Resilience has also evolved. It is structural and behavioural: creating redundancy in decisions, clarity in ownership, and transparency in data, while staying calm, slowing the organisation when necessary, and surfacing risks before they escalate.
To maintain clarity under pressure, I separate urgency from importance, anchor decisions in first principles, create deliberate thinking space, invest in trusted relationships, and ask, ‘What must not break?’ Leadership today is measured by organisational resilience, not personal stamina.
My approach has evolved from traditional “service ownership” to outcome stewardship. Early account management focused on contracts, SLAs, and issue resolution. Today, I focus on business outcomes—translating digital programs into measurable operational impact, including dispatch reliability, turnaround time, compliance, and cost efficiency. Success is measured in business terms, not system milestones.
I protect continuity during transformation, building trust by being accountable for outcomes rather than explanations. This requires shifting from a single-stakeholder focus to ecosystem alignment, engaging the C-suite on risk and regulatory posture, operations and engineering on usability and reliability, and compliance teams on auditability and traceability.
My role has also shifted from reactive problem-solving to predictive risk partnership, anticipating where change may fracture trust, surfacing risks early, and ensuring stability during go-lives and audits. Finally, I focus on leading adoption, earning buy-in and demonstrating operational value, making account management about trust, continuity, and outcomes, enabling digital transformation without compromising confidence.
The next decade will favour leaders who navigate complex, interconnected digital ecosystems with clarity and foresight. In aviation and MROs, where “data is the new oil”, abundance brings both opportunity and risk. Leaders must exercise data judgement, combining AI-driven insights with operational and human context to make principled decisions. AI amplifies the need to view platforms, partners, regulators, and customers as a single ecosystem, anticipating second- and third-order effects of every decision.
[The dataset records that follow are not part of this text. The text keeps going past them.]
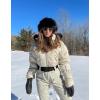 GSOU SNOW Womens Ski Suits Down One Piece Snowsuit Waterproof Snowboard Jumpsuits Winter Ski Outfit(White-1)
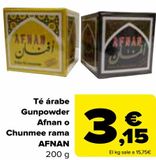 Oferta de Té árabe Gunpowder Afnan o Chunmee rama AFNAN por 3,15€ en Carrefour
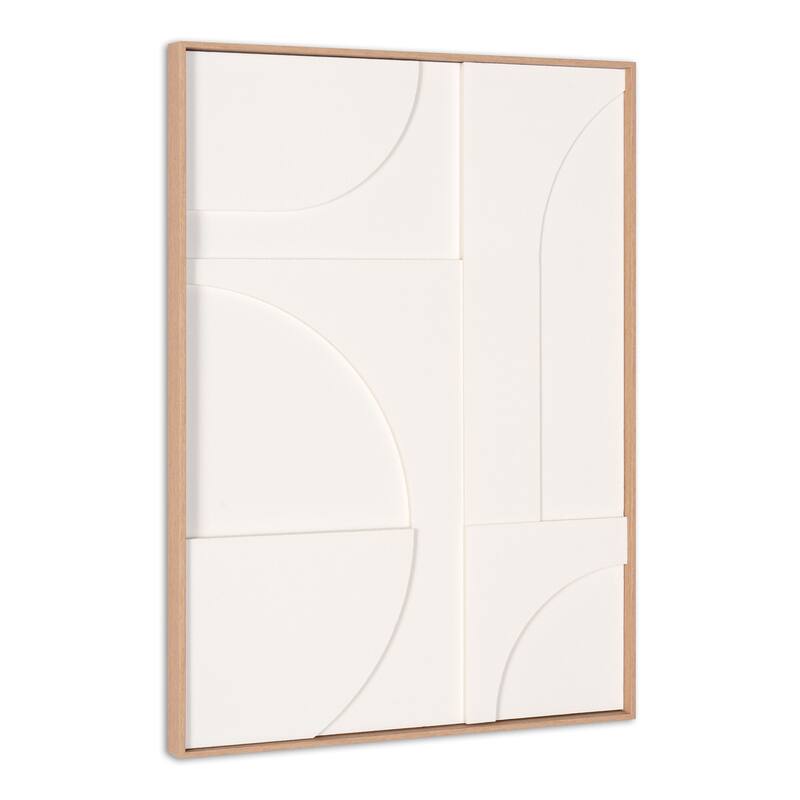 HomeRoots Modern Geo Shapes Brown Shadowbox Wall Art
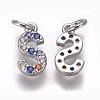 Brass Micro Pave Cubic Zirconia Charms ZIRC-L070-38S-P-2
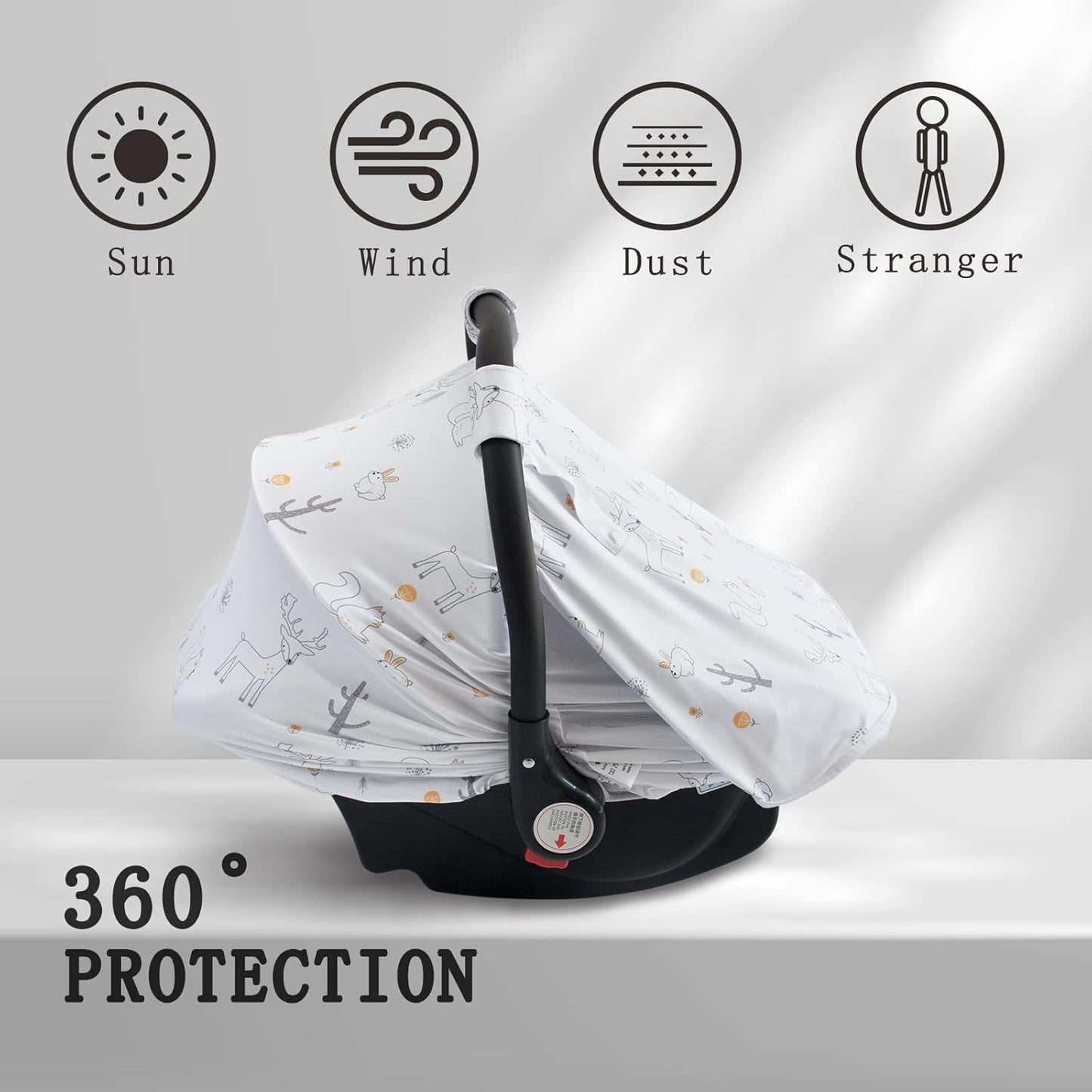 Baby Car Seat Cover, Soft Sun Shade Cover, Breathable Comfortable Privacy Carseat Canopy Protect for Newborn Infant Boys Girls (Animals)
Thriving leaders focus on systemic outcomes, not isolated efficiencies, balancing local optimisation with global resilience. Platform literacy is essential—understanding modular architectures, interoperability, data ownership, and latency trade-offs allows them to guide teams without coding. Governance must enable speed, sustainability, and risk management through clear decision rights, escalation paths, and guardrails.
Ultimately, success depends on trust and behavioural alignment. Technology rarely fails—people do. Leaders who translate digital change into operational relevance, align stakeholders, and sustain momentum through disruption will define the future of digital ecosystems.